# Section 6 Axes scaling

Here, we consider the `medals`

dataset from the `MAS6005`

library. The aim is to compare total number of medals won against population size in the 2016 Rio olympics.

```
plot(medals$population,
medals$total,
xlab = "Population size",
ylab = "Total number of medals won")
```

A couple of problems here:

- the scientific notation (“e+”) on the \(x\)-axis isn’t very friendly;
- there are two countries with much larger populations than the rest. This ‘distorts’ the plot somewhat, in that a lot of the remaining points are bunched together.

We could use a log transformation of the population size (perhaps the first thing you’d try if you were fitting a regression model). We’ll use a \(\log_{10}\) transformation

```
plot(log10(medals$population),
medals$total,
xlab = "log (base 10) population size",
ylab = "Total number of medals won")
```

This fixes the two problems, but if you’re writing for a general audience, the reader may struggle with the idea of ‘log population size’.

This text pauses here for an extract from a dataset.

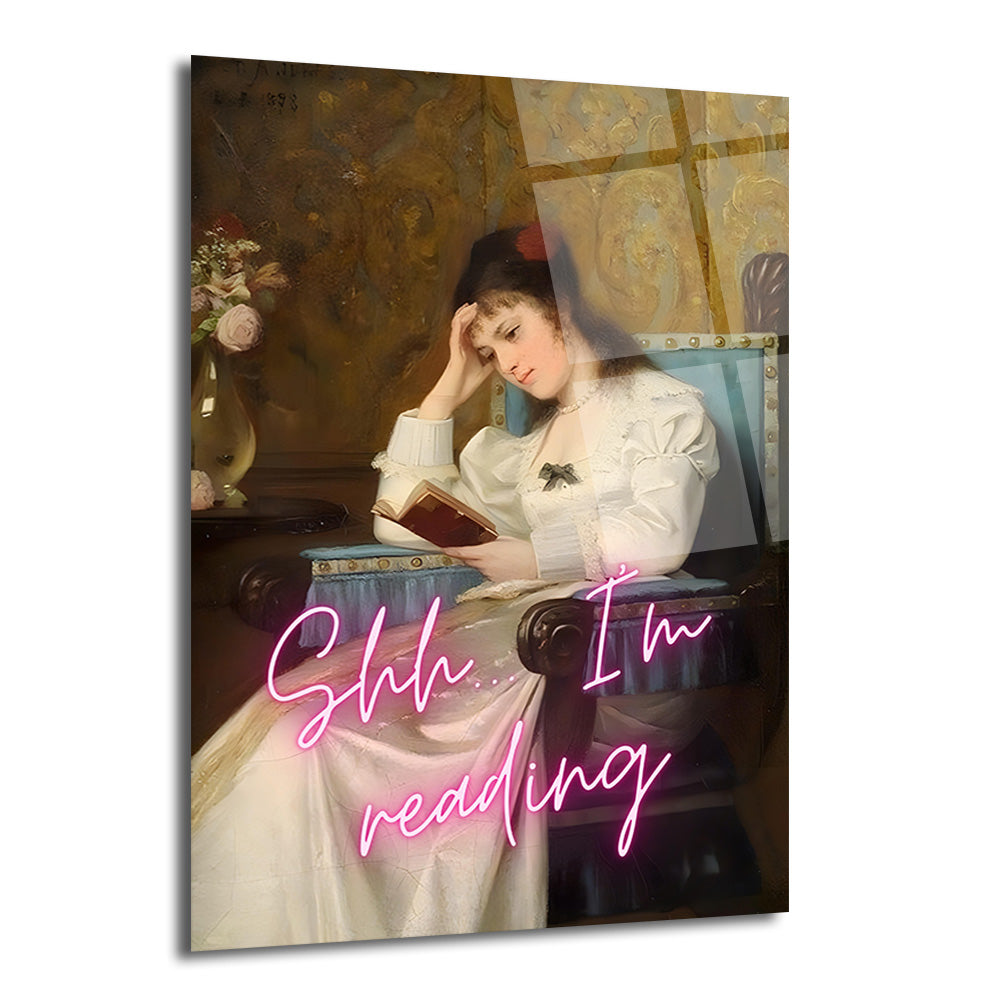 Klasik bir portre tablosunda, bej elbise giymiş, kollarını başına yaslamış ve kitap okuyan genç bir kadın görülüyor. Resmin üzerinde pembe neon harflerle 'Shhh... I'm reading' yazısı bulunuyor. Tablonun genelinde kahverengi ve açık mavi tonlar hakim.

An alternative is to use a log (base 10) scale on the \(x\)-axis. Visually, this will give the same pattern as plotting total medal against \(\log_{10}\) population, but the plot is (perhaps) a little easier to interpret, as we can still refer to the raw population, not the \(\log_{10}\) population. We can tidy things up further, by plotting the population in millions.

```
plot(medals$population/1000000,
medals$total, log = "x",
axes = FALSE,
xlab = "population (millions)",
ylab = "total number of medals won")
ticks <- c(1 , 10, 100, 1000)
axis(side = 1, at = ticks, labels = ticks)
axis(side = 2)
```

However, you may now need to explain to your reader how to interpret the log-scaled axis! In the following, for example, some readers may think the dashed line represents a population of 50 million (whereas it actually represents a population of \(100^{\frac{3}{4}}\) million).